[Brief descriptive captions]
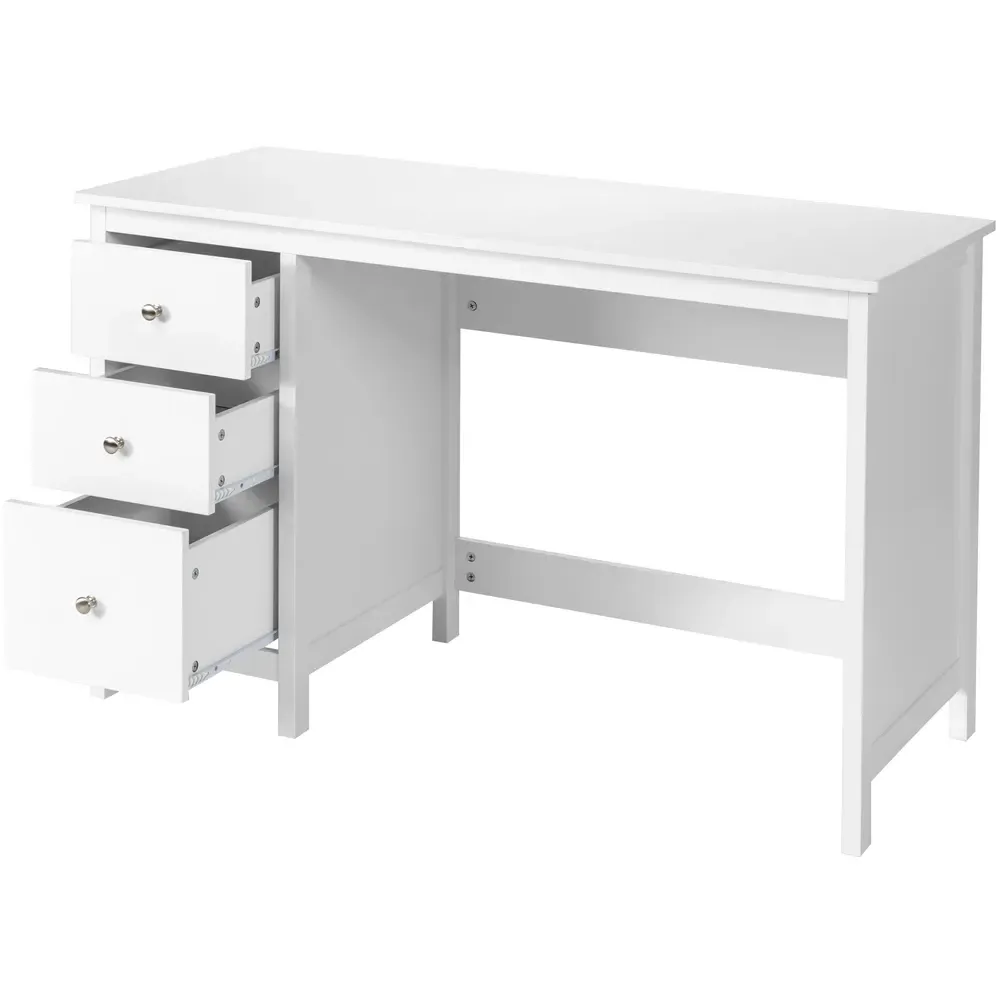 3 Drawer Computer Desk - White
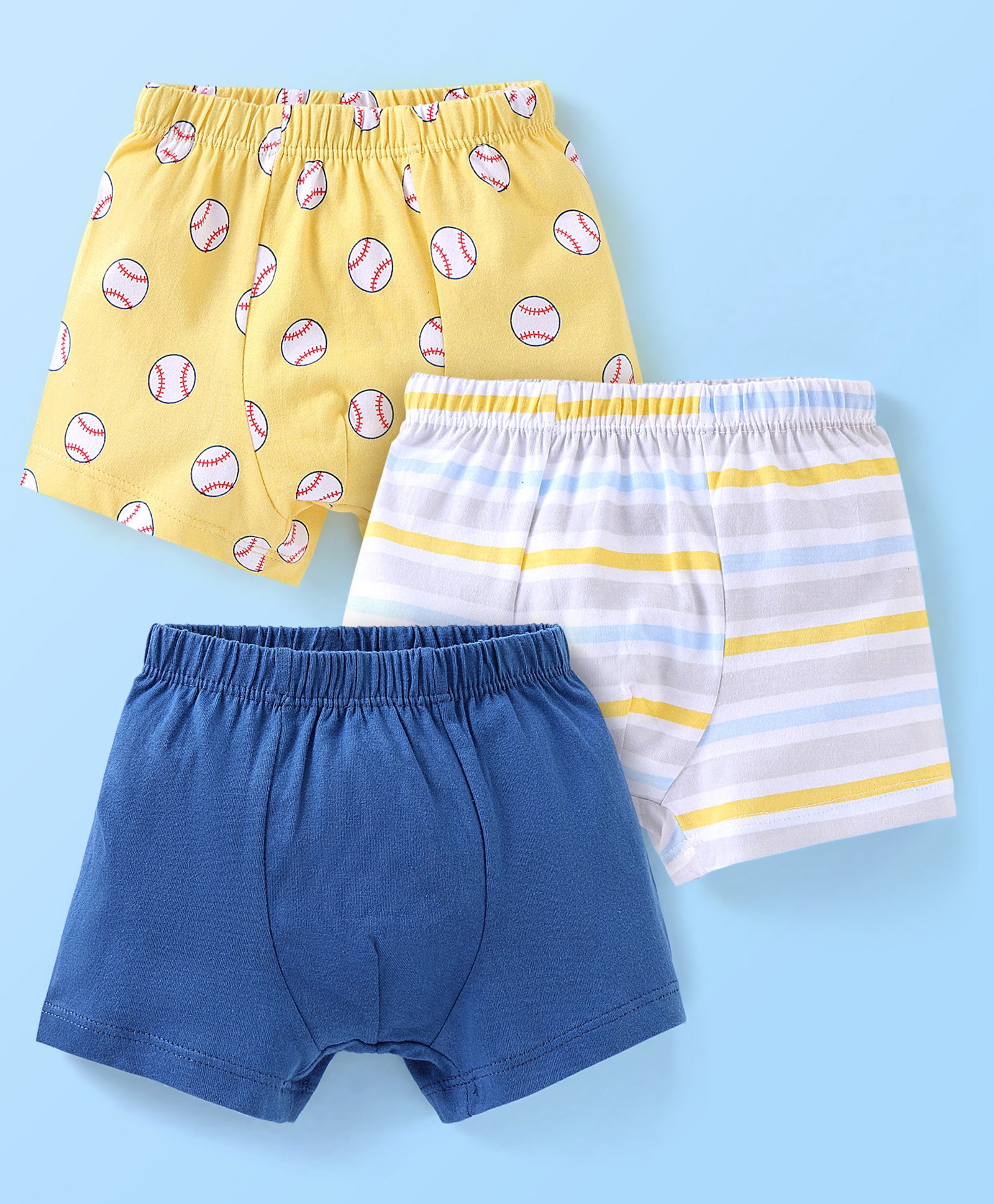 Babyhug 100% Cotton Striped Briefs Pack of 3 - Yellow White & Blue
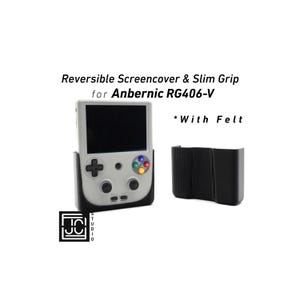 2-n-1 Grip for Anbernic RG406V Reversible Screen Cover Slim Chin Grip Felt Screen Protector Gaming Handheld Protection Fun Textured Pattern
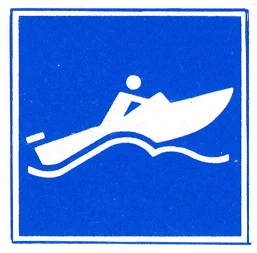 Verkeersbord E.21 voor de scheepvaart dat snel varen toestaat voor kleine motorboten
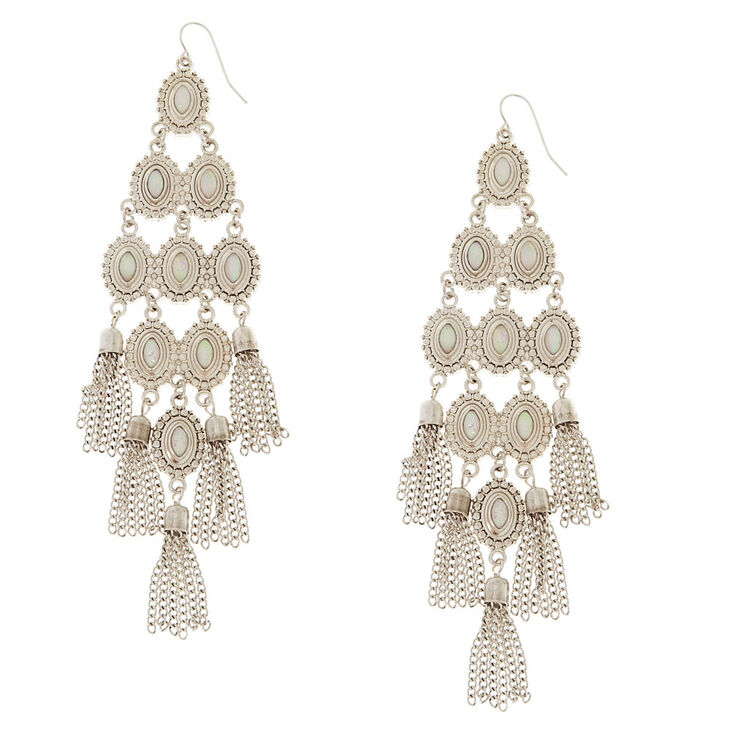 Iridescent Antique Finished Chandelier Earrings,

▶ **TASK DIRECTIONS**
Every record above should reappear exactly, with the pictures gone.

▶ **REPLY**
 3 Drawer Computer Desk - White
 Babyhug 100% Cotton Striped Briefs Pack of 3 - Yellow White & Blue
 2-n-1 Grip for Anbernic RG406V Reversible Screen Cover Slim Chin Grip Felt Screen Protector Gaming Handheld Protection Fun Textured Pattern
 Verkeersbord E.21 voor de scheepvaart dat snel varen toestaat voor kleine motorboten
 Iridescent Antique Finished Chandelier Earrings,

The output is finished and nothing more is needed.